### Exercise prompt
Within the records below, find the line with "The Secret Life of Pets's poster" and the line with "New Nutritional Guidelines", then reproduce exactly those two lines and all lines between them, without any picture.

*** Given records ***

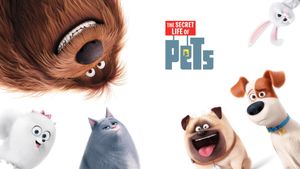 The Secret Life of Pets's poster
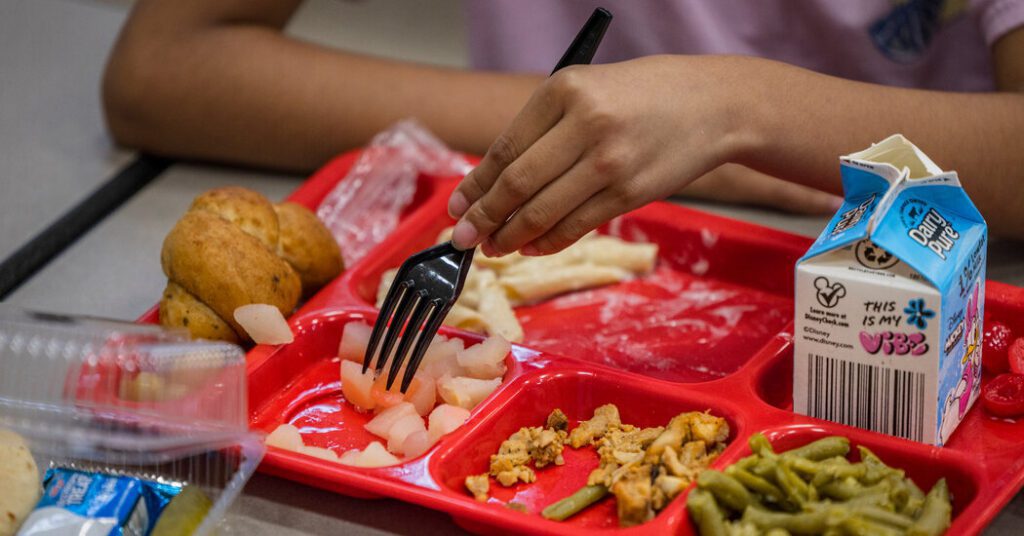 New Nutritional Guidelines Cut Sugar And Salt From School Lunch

*** End of Given records ***
*** Given records ***

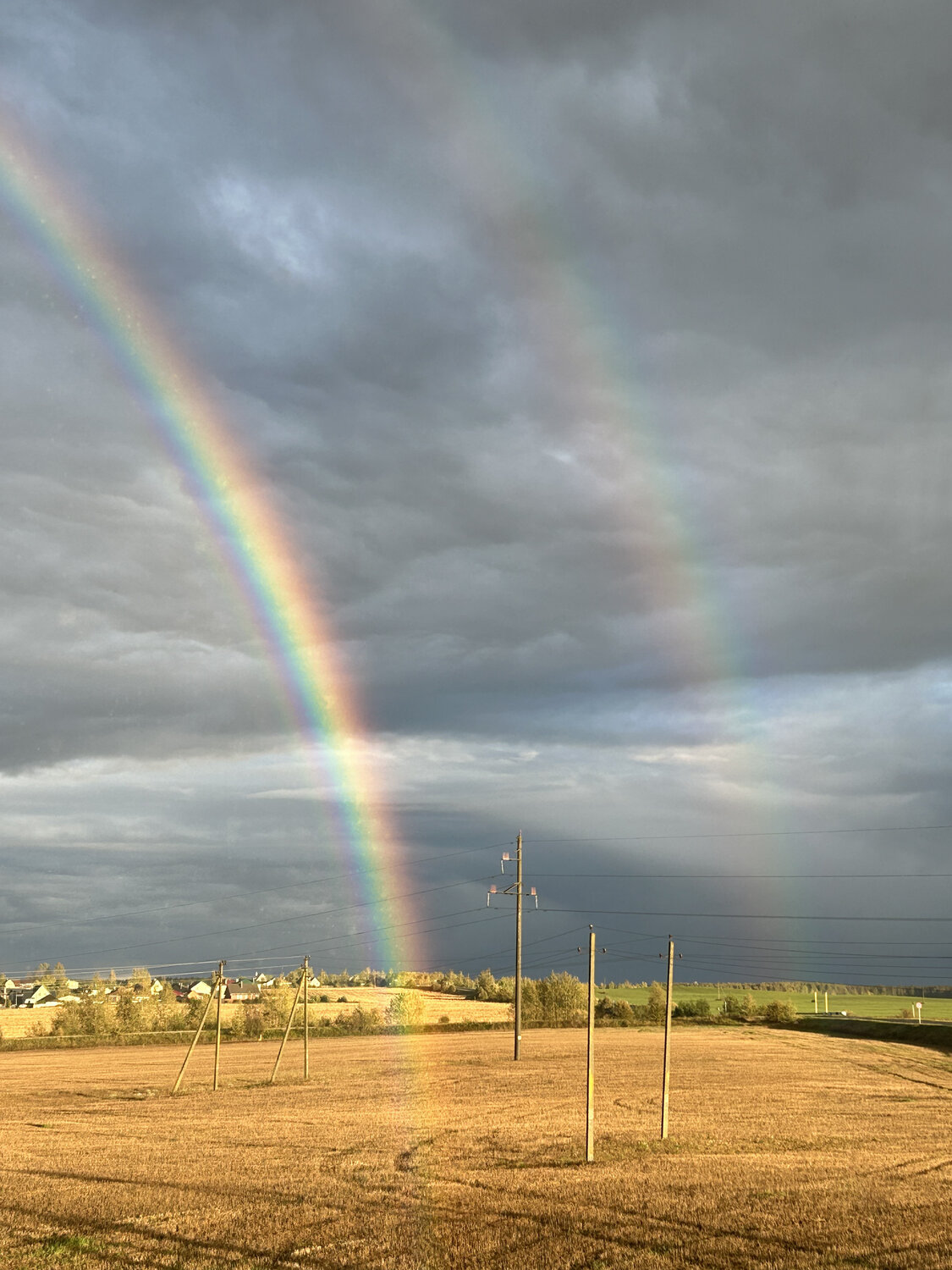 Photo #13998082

*** End of Given records ***

### Solution for this task
 The Secret Life of Pets's poster
 New Nutritional Guidelines Cut Sugar And Salt From School Lunch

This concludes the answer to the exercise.